Pre-Algebra prepares students for the study of Algebra. Topics covered include problem-solving, expressions, variables, algebraic properties, linear equations, inequalities, functions, ratios and proportions, percents, Cartesian coordinate system, factors and fractions, rational numbers, statistics and probability.
Algebra 1 (A/B) is a course designed to support students who have met the prerequisites for Algebra but would benefit from more time to develop and strengthen their understanding of foundational topics. Students in Algebra 1A will complete the requirements from Algebra 1 by enrolling in Algebra 1B the following school year. The following topics will be covered over the two-year span of the course: linear equations and inequalities, quadratic functions and their graphs, and linear systems of equations. The topic of word problems is also given extensive development to develop critical thinking and analytical skills.
Algebra 1 is a first-year course in Algebra that covers fundamental topics including the following: linear equations and inequalities, quadratic functions and their graphs, and linear systems of equations. The topic of word problems is also given extensive development to develop critical thinking and analytical skills. This course emphasizes on building a firm foundation for future math courses.

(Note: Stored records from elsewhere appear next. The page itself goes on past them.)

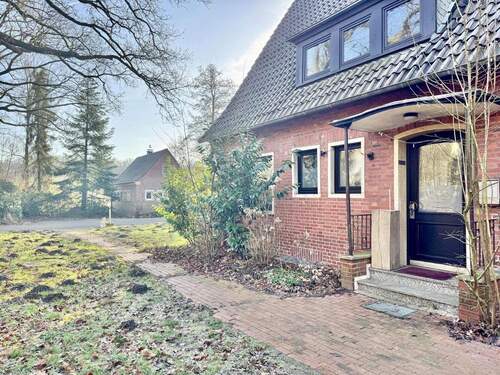 EFH Eingangsbereich - 1 Zimmer Mehrfamilienhaus, Wohnhaus zum Kaufen in Ochtrup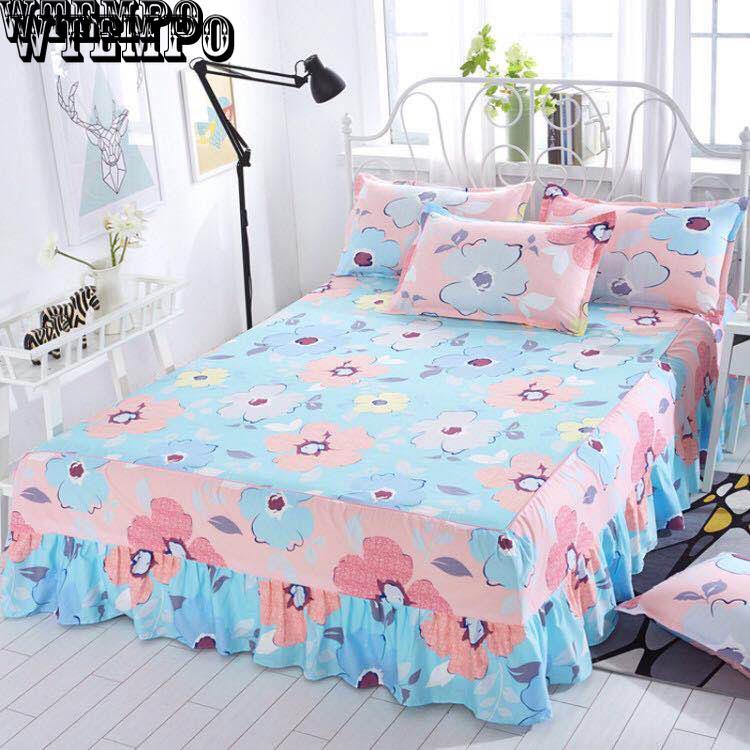 Bedding Sets Quilt Cover Cotton Single Double Queen King Size Duvet/Quilt Cover Linen Set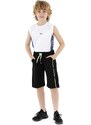 Slazenger Veil Boys Shorts Black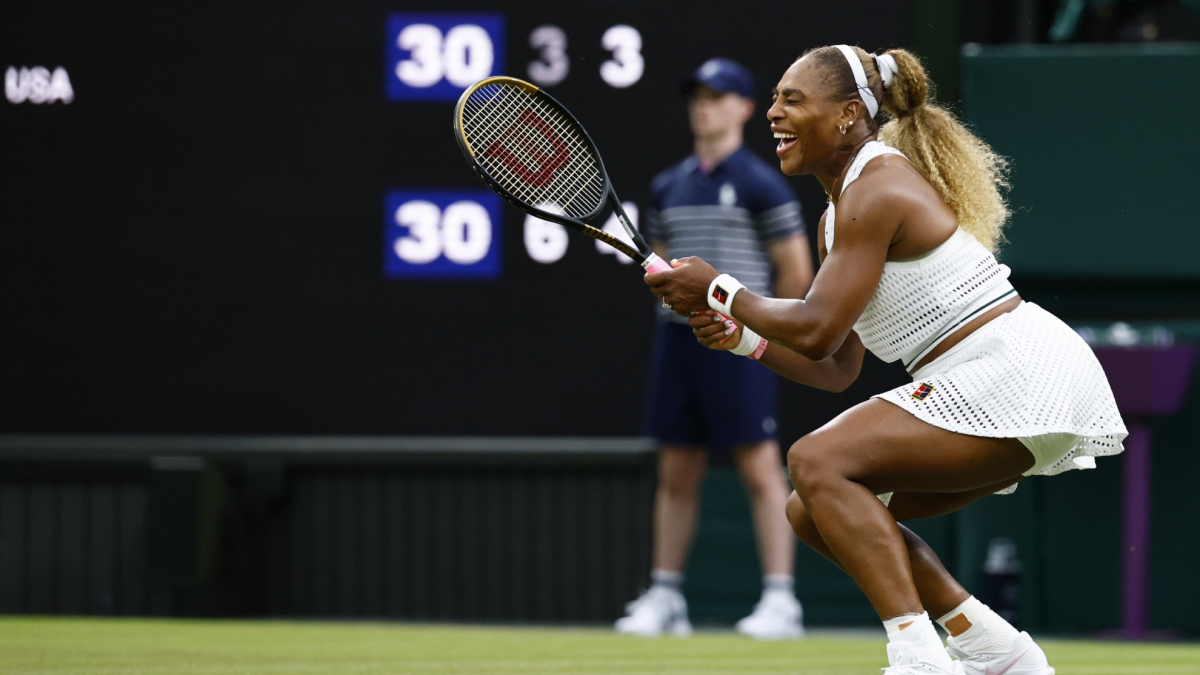 Serena se la juega a Wimbledon: la esperan para el dobles y ahora no lo juega por lesión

Geometry is an introductory course that uses the properties of common geometric figures to build more abstract concepts of logic and reasoning. Deductive reasoning skills are developed by using theorems and definitions to develop formal proofs. The topics covered are basic plane geometry such as points, lines, and planes as well as three-dimensional geometry. Properties and relationships of parallel and perpendicular lines will be covered throughout the text to build a deeper understanding of the properties of triangles and other polygons and build an understanding of congruence, similarity and proportions. These topics will provide the basis of an exploration of the special properties of right triangles and basic trigonometry. An interactive classroom environment that involves student-led discussions and presentations foster a deeper understanding of subject matter and sharpen communication and collaboration skills. Outdoor explorations encourage students to connect the theoretical classroom work to the world around them to encourage deeper thinking about the topics in general and to contemplate the order and grandeur of the Lord’s Creation.